Court of Appeals of the State of New York
Oct 2, 1888
18 N.E. 237 (N.Y. 1888)


In McClelland v. Norfolk Southern R.R. Co. (110 N.Y. 469) the bond itself showed that the promise to pay was a conditional one. It was to become payable upon the terms and with the effect mentioned in the trust mortgage.

Summary of this case from Enoch v. Brandon


Submitted June 25, 1888

Decided October 2, 1888

Albert Gallup for appellant. Geo. W. Wingate for respondent.

The complaint counts upon fourteen several interest coupons for the sum of $30 each, and alleges the liability of the defendant thereon, by virtue of its assumption of the obligations of the Elizabeth and Norfolk Railroad Company, who were the makers of such coupons.

The answer sets up as a defense that the time for the payment of the coupons for a period of five years, covering those in question, had, for a good consideration, been extended by a majority of the holders of bonds issued simultaneously with those from which such coupons had been detached, under the authority of provisions contained in the bond and mortgage given as security therefor. The case was submitted to the trial court upon an agreed statement of facts, from which, among other things, it appeared that the bonds, from which such coupons were detached, formed a series of nine hundred for $1,000 each, with coupons attached, providing for the payment of interest semi-annually, issued by the Elizabeth City and Norfolk Railroad Company in 1880, and secured by a first mortgage upon its property and franchises, executed and delivered to trustees for such bondholders, and that the defendant had lawfully assumed the payment of the obligations of such company.

The coupons or interest warrants were in the following form:

"On the first day of (blank month and year) the Elizabeth City and Norfolk Railroad Company will pay to the bearer, at its financial agency in the city of New York, thirty dollars in gold ($30) being six months interest then due upon its first mortgage bonds, No. ____

"W.G. DOMINICK, "Treasurer."

The bonds each contained a statement that "full payment of the principal and interest of * * * the said series of bonds is secured by a deed of trust or mortgage," upon the property and franchises of said railroad "upon the terms and conditions fully set forth in the said mortgage or deed of trust;" and, also, that "this bond shall pass by delivery" and "in case default shall be made in the payment of any of the half yearly installments of interest on this bond, * * * and if such interest shall remain unpaid for the period of six months, * * * the principal of this bond shall, at the option of the holder * * * become forthwith due and payable immediately upon the terms and with the effect mentioned in said deed of trust or mortgage."

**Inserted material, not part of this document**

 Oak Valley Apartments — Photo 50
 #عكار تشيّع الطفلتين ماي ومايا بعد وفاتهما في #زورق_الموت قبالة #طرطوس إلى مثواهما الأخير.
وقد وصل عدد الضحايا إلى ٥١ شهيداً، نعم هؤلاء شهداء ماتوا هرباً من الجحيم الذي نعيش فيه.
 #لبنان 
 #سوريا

For the purpose of securing "the payment of said bonds and interest coupons," the company executed a mortgage, whereby it granted, bargained and sold to the trustees therein named all of the property "now held or which may hereafter be acquired for or in connection with the construction, operation, maintenance, reparation or replacement of the said railroad or its several branches, * * * and also all rights, powers, privileges and franchises now held or hereafter acquired by the said party of the first part." By section 4 it further provided that "in case default shall be made in the payment of any of the interest warrants hereby secured to be paid, and such default continue for six months after payment shall have been duly demanded," then, at the option of said trustees, the whole principal sum secured to be paid shall become due and payable, and upon request of one half in interest of the holders of said bonds it is made the duty of said trustees to declare such principal sum due as aforesaid;" but, nevertheless, a majority in interest of said bondholders may, in case of such default, by an instrument in writing, signed by them, instruct the said trustees to declare said principal sum due, or waive their right so to do, upon such terms and conditions as such majority shall deem proper, or may annual or reverse the election made by the trustees, anything herein contained to the contrary notwithstanding; but the action of the trustees or bondholders in case of any default, shall not affect any subsequent default on the part of the party of the first part, or impair any right resulting therefrom."

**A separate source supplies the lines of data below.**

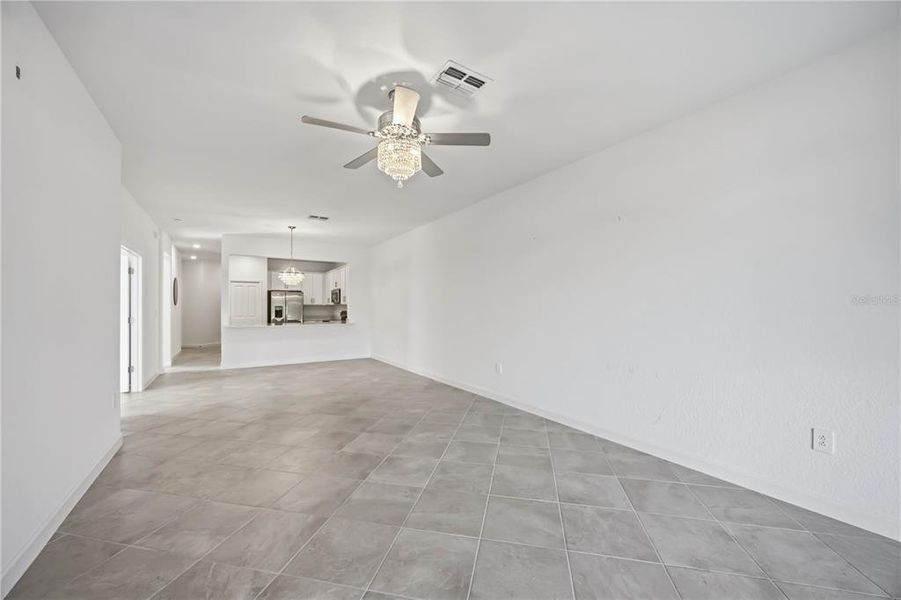 Spacious, unfurnished interior of a new home in , Englewood (Image 17).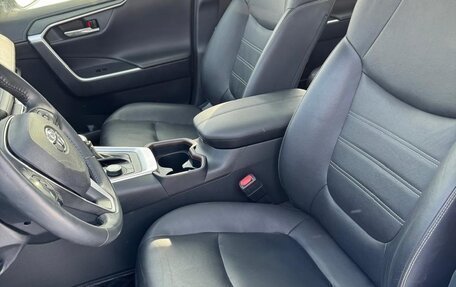 Toyota RAV4, 2019 год, 2 897 000 рублей, 13 фотография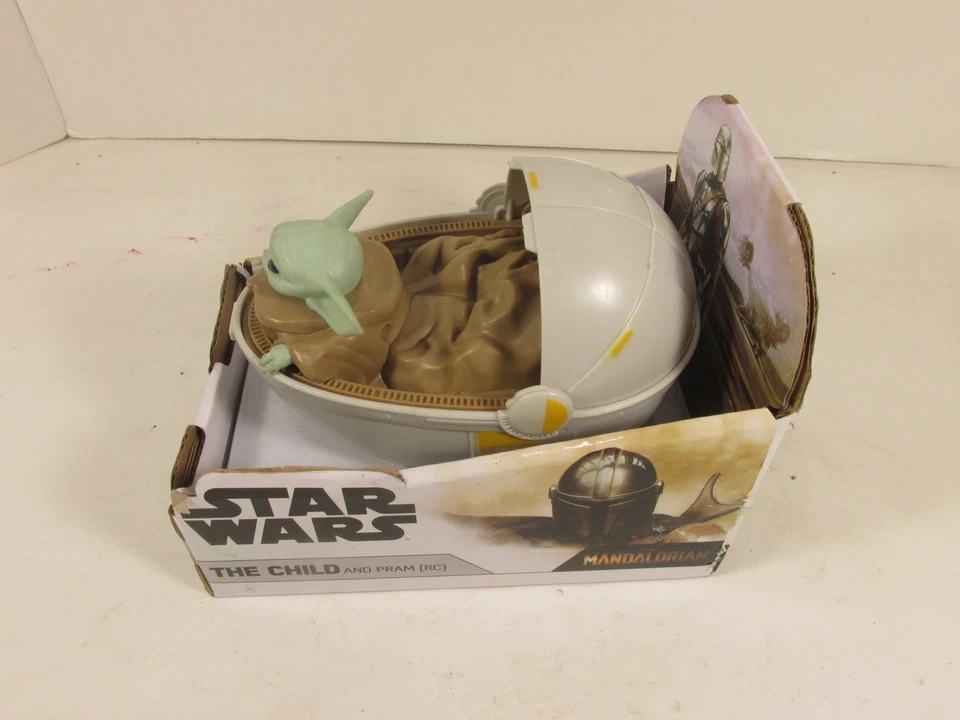 Star Wars Mandalorian The Child Grogu RC Pram 27MHz Remote Control Toy Ages 8+ - Image 2 of 4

By section 7 it was further provided that "it is hereby declared and agreed * * * that it shall be the duty of, and it is hereby made obligatory upon the said trustees * * * to execute the powers of sale or entry hereby granted, or both, or to take appropriate proceedings at law or in equity to enforce the rights of bondholders under these presents upon requisition in writing, as hereinafter specified, to wit: * * * But in every case in which the default shall be in the payment of the money hereby secured, or any part thereof (in respect of any covenant or agreement in said bonds, or herein contained), such duty of the said trustees, and also their power to make elections in the premises, are hereby declared to be subject to the right and power of a majority in interest of the holders of the bonds hereby secured and then outstanding, to instruct the said trustees to waive such default or to enforce their rights thereunder and no action of the said trustees or bondholders in case of any default shall affect any subsequent default or any right arising therefrom."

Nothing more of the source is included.